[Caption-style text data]
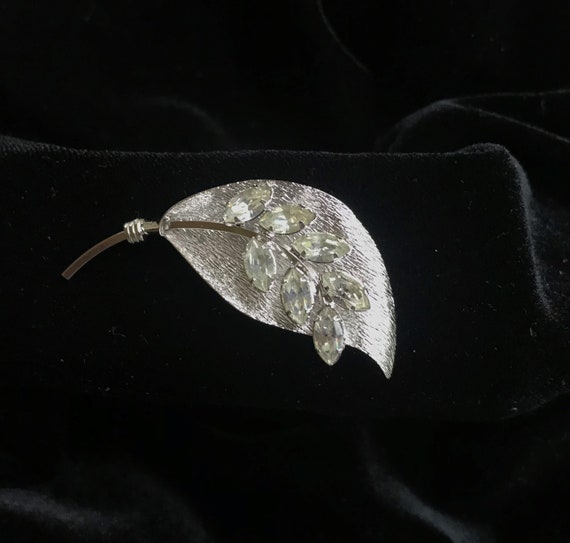 Vintage Sterling Star Art Brooch And Earrings - image 2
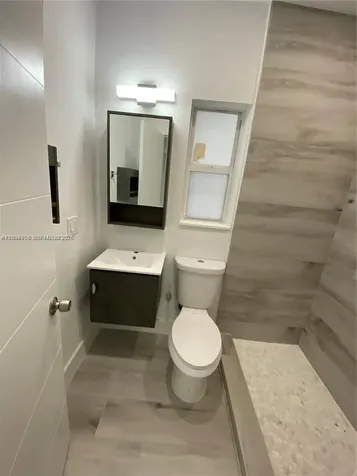 835 SW 8th Avenue Miami FL 33130
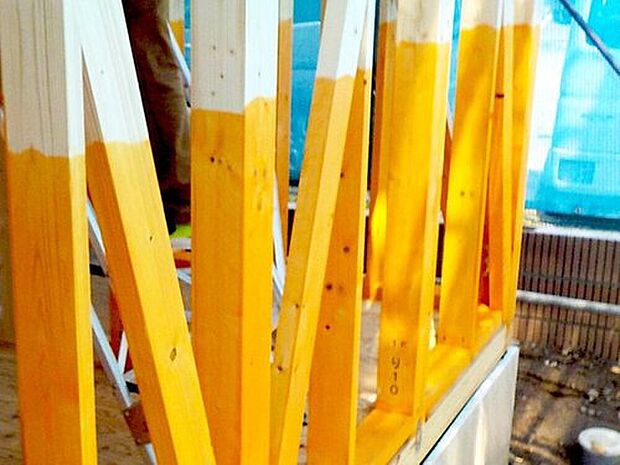 【【防腐・防蟻処理】】土台や地面からの高さ1m以内の外壁軸組や水がかりのおそれのある木部に防腐防蟻処理を実施。人体への害が極めて少ない薬剤でシロアリの被害から住宅を守ります。薬剤塗布後5年間の保証付き。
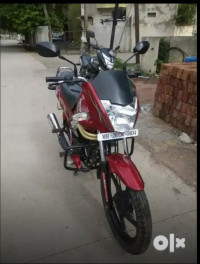 Red Mahindra Centuro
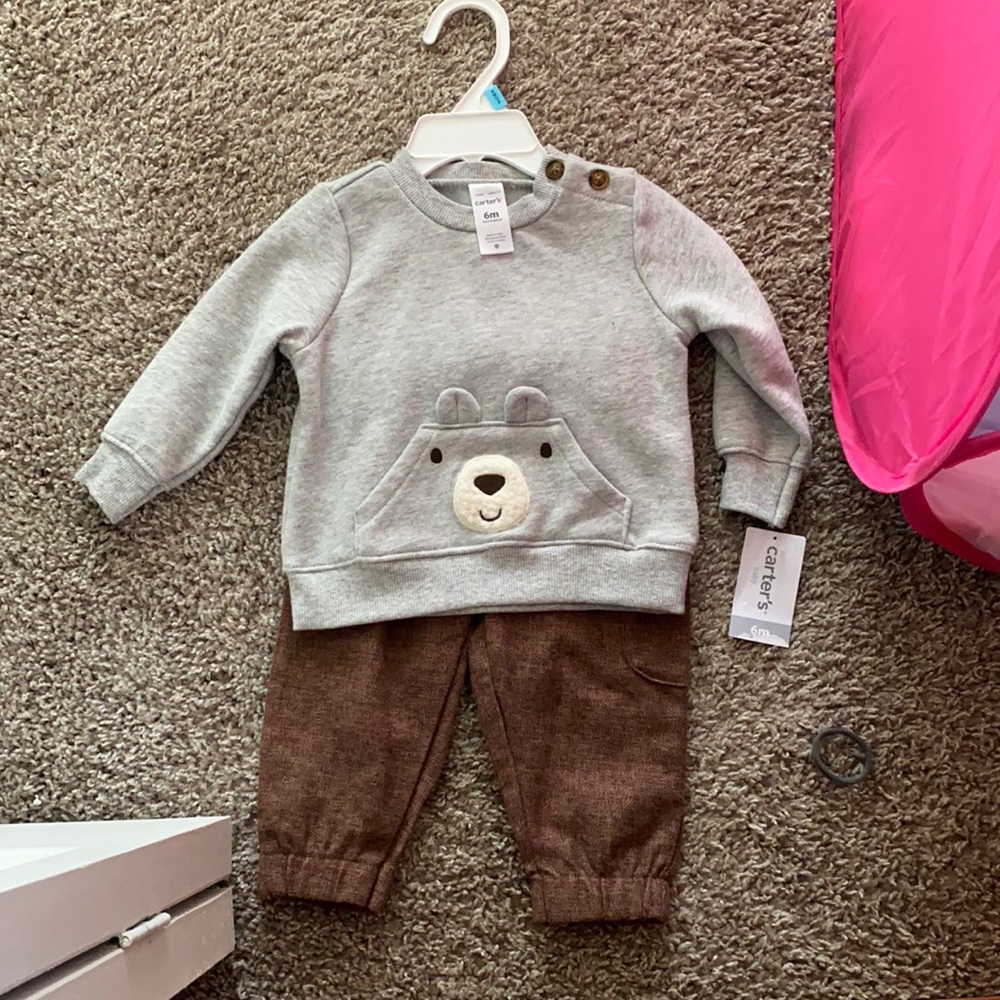 Carters Set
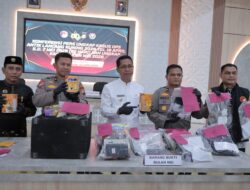 POLRES ROKAN HILIR GELAR KONFERENSI PERS UNGKAP KASUS OPS ANTIK LANCANG KUNING 2026 DAN KASUS NARKOBA BULAN MEI 2026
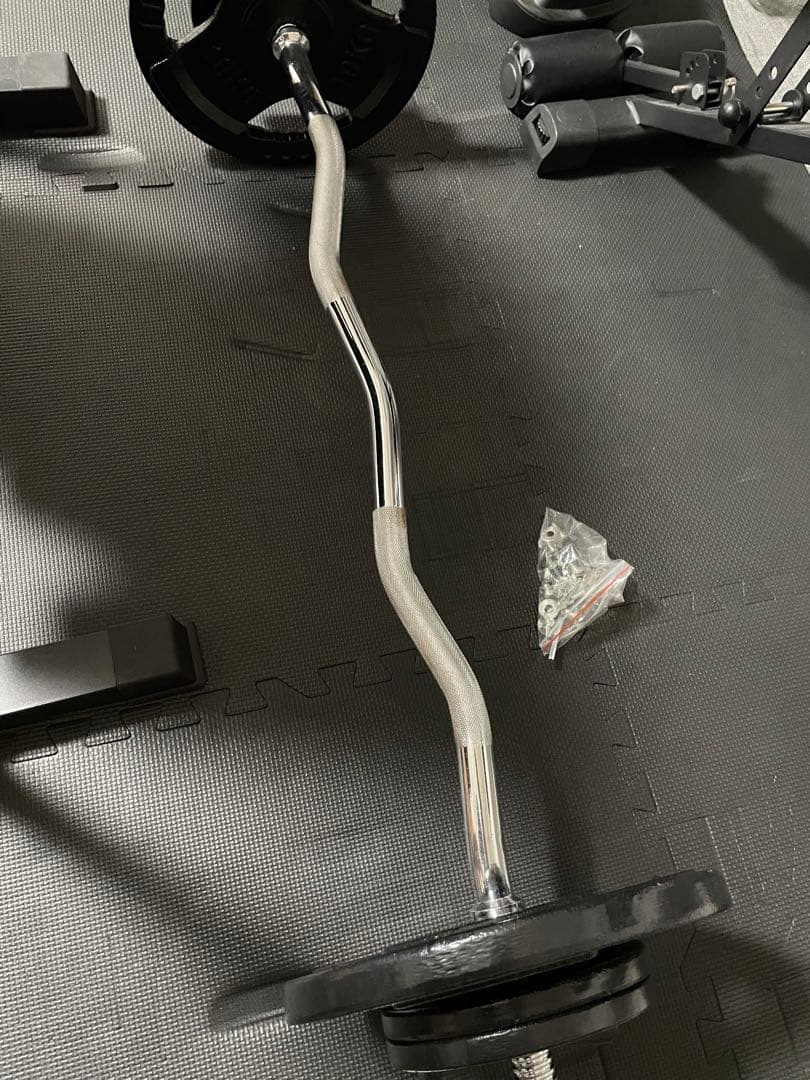 バーベルシャフト 重量プレート付き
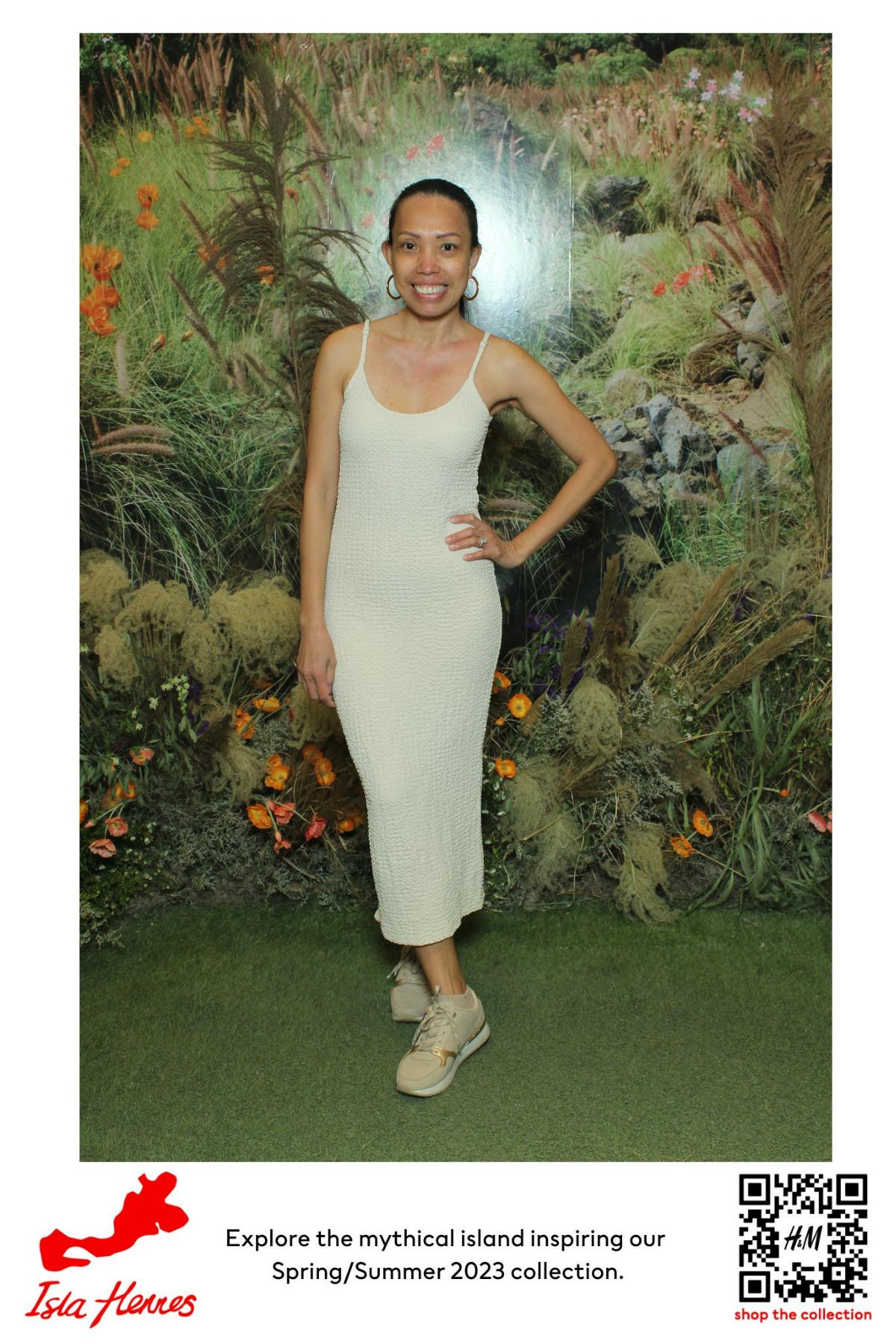 H&M Isla Hennes Collection Launch | View more photos from the event at gallery.myselfiemirror.ca/u/romanmyselfiemirrorca/HM-Isla-Hennes-Collection-Launch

Assignment: Every line from the one with "835 SW 8th Avenue Miami FL 33130" through the end of the records above belongs in the answer, copied exactly; no picture does.

Expected answer:
 835 SW 8th Avenue Miami FL 33130
 【【防腐・防蟻処理】】土台や地面からの高さ1m以内の外壁軸組や水がかりのおそれのある木部に防腐防蟻処理を実施。人体への害が極めて少ない薬剤でシロアリの被害から住宅を守ります。薬剤塗布後5年間の保証付き。
 Red Mahindra Centuro
 Carters Set
 POLRES ROKAN HILIR GELAR KONFERENSI PERS UNGKAP KASUS OPS ANTIK LANCANG KUNING 2026 DAN KASUS NARKOBA BULAN MEI 2026
 バーベルシャフト 重量プレート付き
 H&M Isla Hennes Collection Launch | View more photos from the event at gallery.myselfiemirror.ca/u/romanmyselfiemirrorca/HM-Isla-Hennes-Collection-Launch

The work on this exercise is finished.